* ASSIGNMENT: Your copy should match the entries exactly, except that it holds no pictures.

* RECORD EXTRACTS:

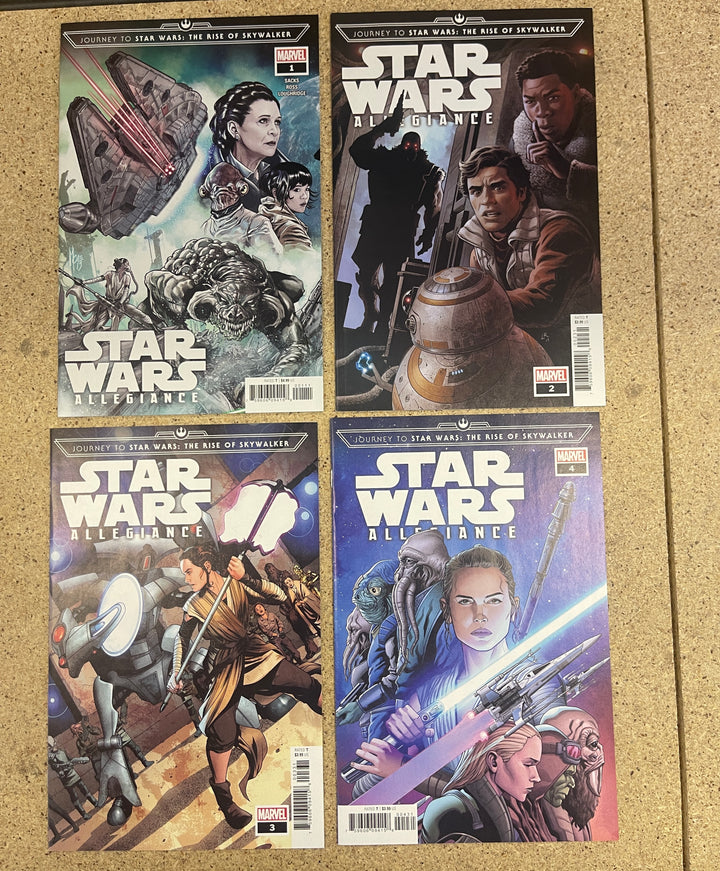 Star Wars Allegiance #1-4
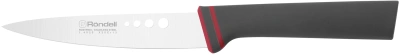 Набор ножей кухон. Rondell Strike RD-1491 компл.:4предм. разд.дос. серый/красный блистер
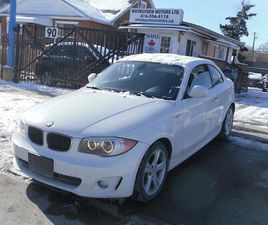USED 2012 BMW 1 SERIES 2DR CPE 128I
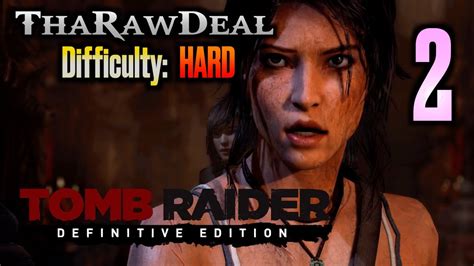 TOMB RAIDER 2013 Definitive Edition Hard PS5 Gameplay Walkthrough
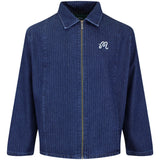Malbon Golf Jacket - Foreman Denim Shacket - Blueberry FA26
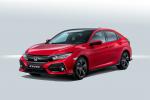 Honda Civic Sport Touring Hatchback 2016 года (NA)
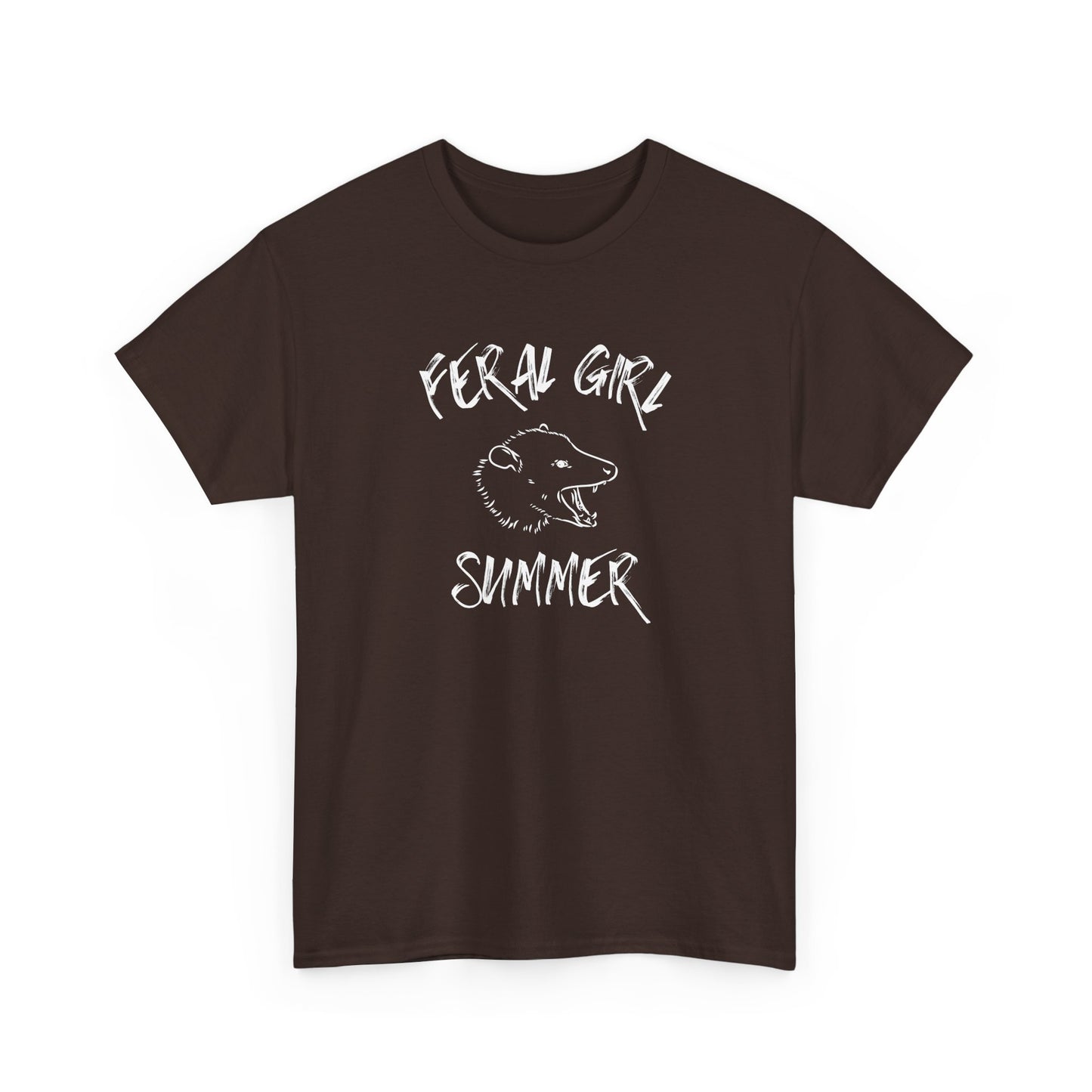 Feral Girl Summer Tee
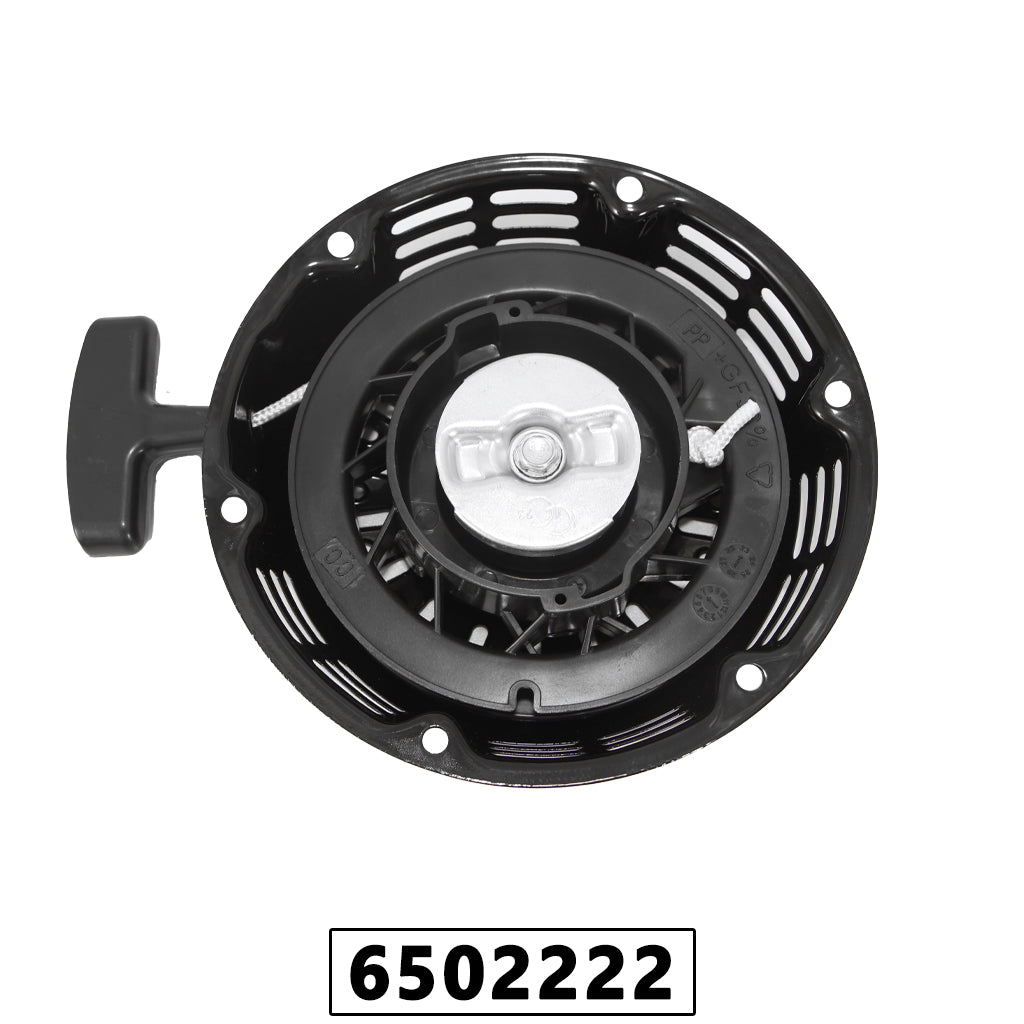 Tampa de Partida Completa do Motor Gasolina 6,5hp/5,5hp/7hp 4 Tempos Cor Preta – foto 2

* SOLUTION:
 Star Wars Allegiance #1-4
 Набор ножей кухон. Rondell Strike RD-1491 компл.:4предм. разд.дос. серый/красный блистер
USED 2012 BMW 1 SERIES 2DR CPE 128I
 TOMB RAIDER 2013 Definitive Edition Hard PS5 Gameplay Walkthrough
Malbon Golf Jacket - Foreman Denim Shacket - Blueberry FA26
 Honda Civic Sport Touring Hatchback 2016 года (NA)
 Feral Girl Summer Tee
 Tampa de Partida Completa do Motor Gasolina 6,5hp/5,5hp/7hp 4 Tempos Cor Preta – foto 2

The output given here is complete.